基体合金元素对SiC/Al界面结合影响的第一性原理及实验研究

采用基于密度泛函理论的第一性原理及实验相结合的方法, 探讨了Al基体中分别掺杂Mg、Si、Cu合金元素对SiC/Al界面结合的影响, 重点考察了合金元素在界面偏聚时的电子结构和成键情况。研究表明: 在未掺杂Al/SiC体系界面结构优化时, 以Si原子为终止面的Brigde结构是最稳定的结合方式; 当合金元素分别替换界面处的Al原子后, 界面处原子的分波态密度、Muliken电荷及成键原子集居数等电子结构参数均有不同程度的变化, 这不仅增加了界面处 Si与Al原子结合, 同时也增强了界面处和亚界面处的Al基体和SiC增强相原子之间的相互作用, 使体系更加稳定, 界面黏着功均有不同提升; 其中掺Mg提升效果最明显, 其次为掺Cu和掺Si; 利用第一性原理计算的掺杂Al/SiC体系黏着功和实验值较为接近且变化规律相同。

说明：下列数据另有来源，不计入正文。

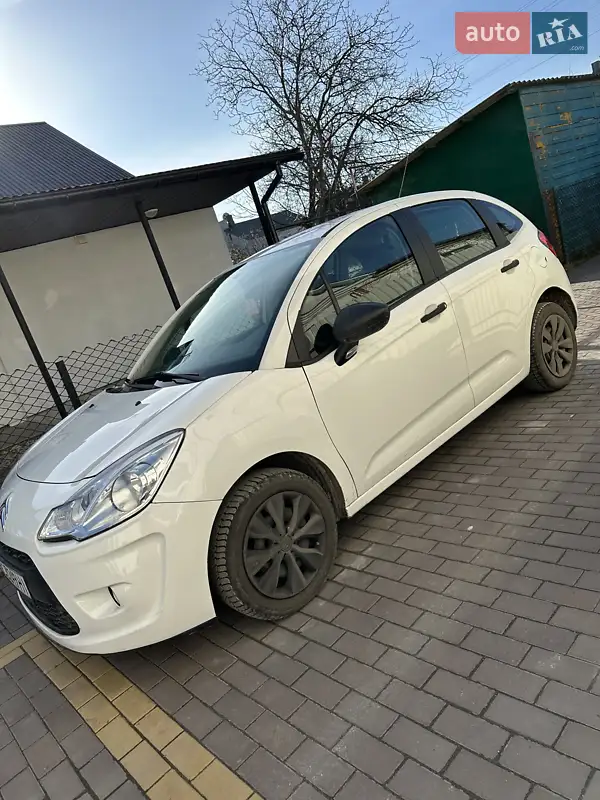 Citroen C3 2011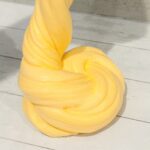 Fluffy Pumpkin Slime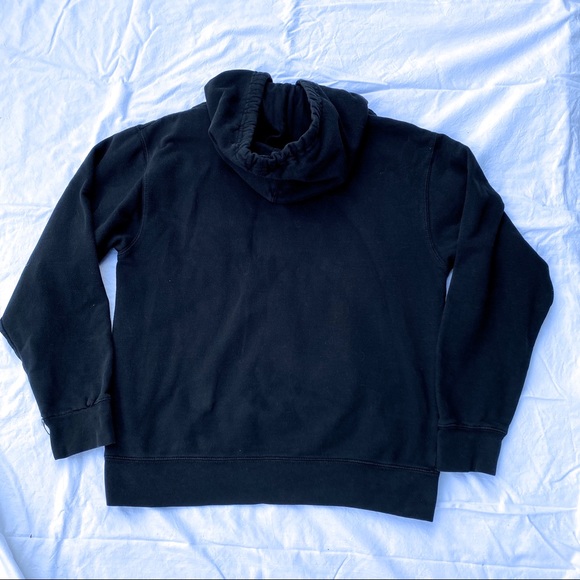 Quicksilver Mens or Large Kids Hoodie Sweatshirt - Picture 4 of 4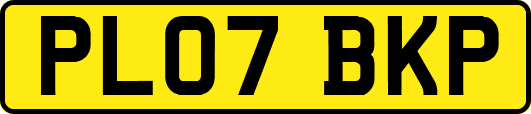 PL07BKP
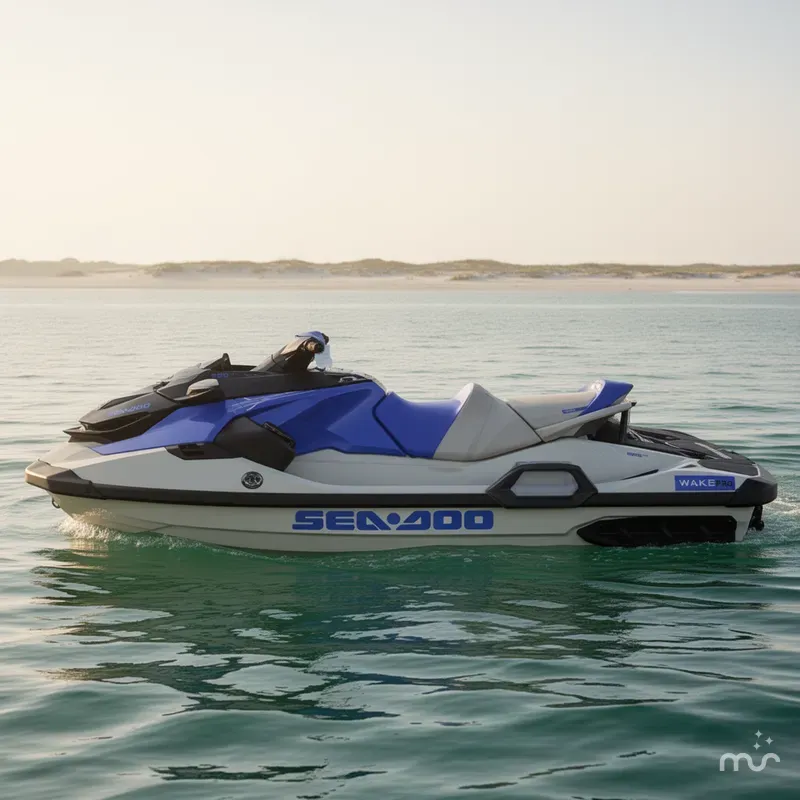 Slide: The Image of Sea-Doo WAKE™ PRO 230 2025 - 2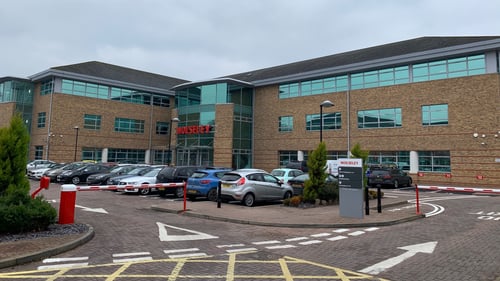 Wolseley Head Office Warwick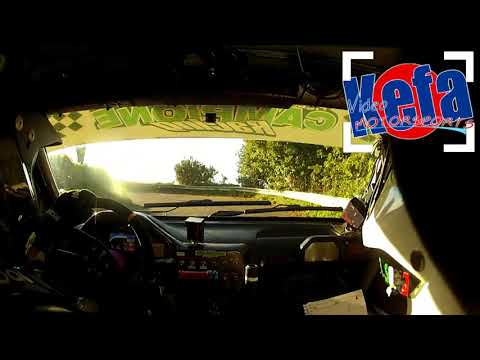 5° RONDE DI GIOIOSA MAREA A. Sofia - A. Santisi Peugeot 106 K10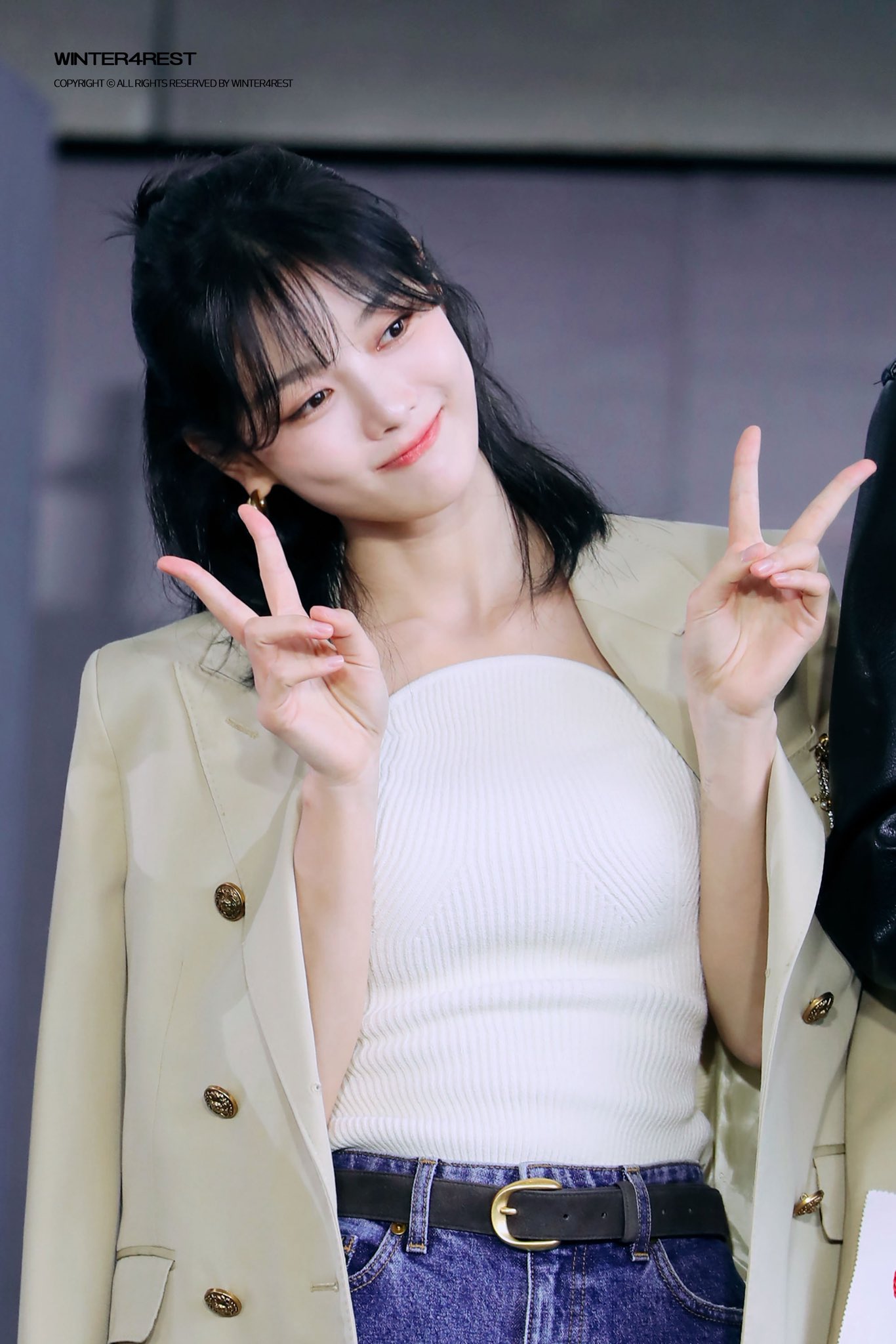 [잡담] 김유정 실물 너무 예쁨 | 인스티즈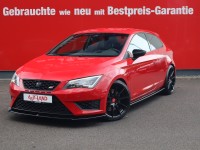 Vorschau: Seat Leon SC Cupra 290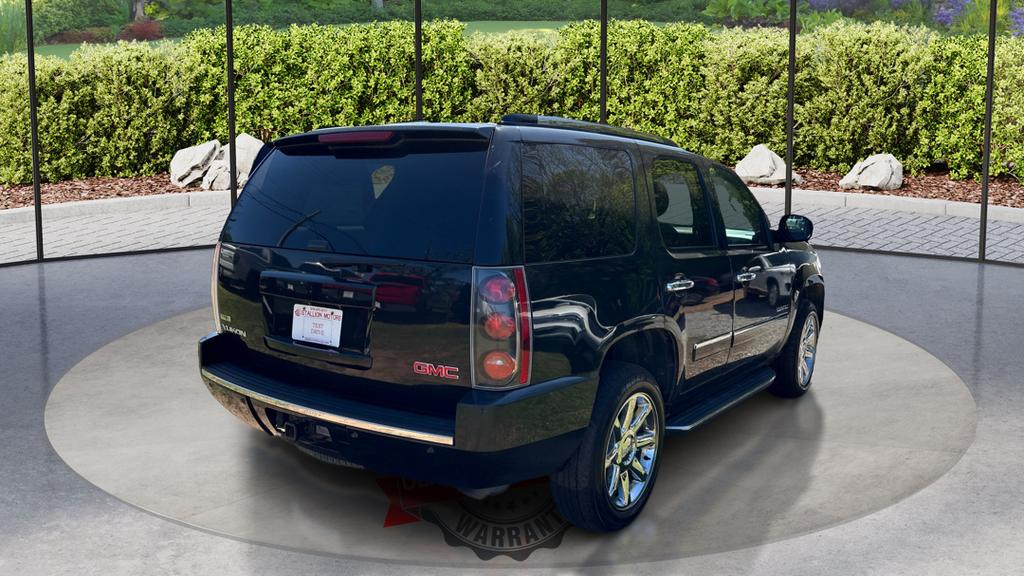 2011 GMC Yukon - $13,995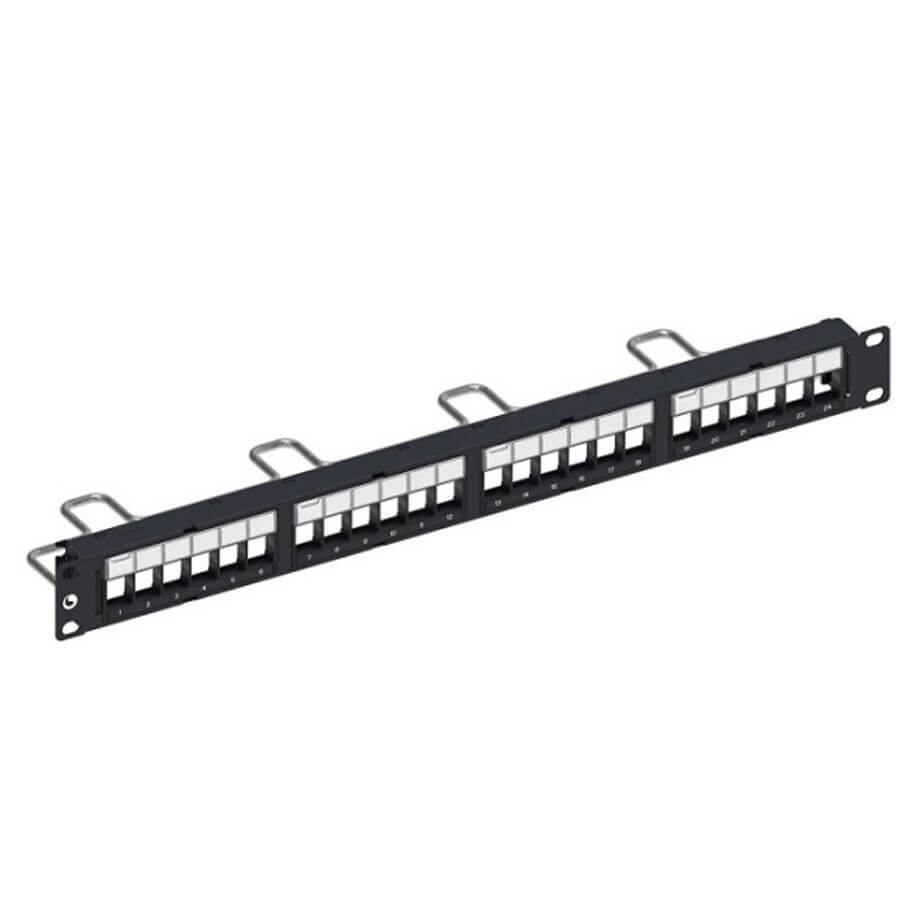 Patch panel COMMSCOPE CPP-UDDM-SL-1U-24 (760237040)-1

Alloy Elements on SiC/Al Interface: a First-principle and Experimental Study

First-principle approach based on density functional theory and experimental method were used to study the interface bonding of SiC/Al substituted by alloy elements Mg, Si and Cu. The electronic structure and bonding of alloy elements at interface segregation were investigated. The results show that bridge-site model with bridge Si is the most stable combination way of SiC/Al interface after optimization of the interface structure of pure Al/SiC system. When Al atoms at the interface replaced by alloy elements separately, the electronic structural parameters such as partial density of states, Mulliken charge and bonding population, all vary in different degree, which not only increase the binding of Si and Al atoms at the interface, but also increase the interaction among alloy atoms, Al matrix and SiC reinforcement at the interface and sub-interface. It is conducive to enable the system more stable and the adhesion work of interface more differently. Among them, the increased adhesion work is the most obvious when Mg is doped, followed by Cu and Si. Furthermore, the adhesion work of Al/SiC systems doped alloy elements calculated by first-principle is close to the experimental values, and the law of change is the same.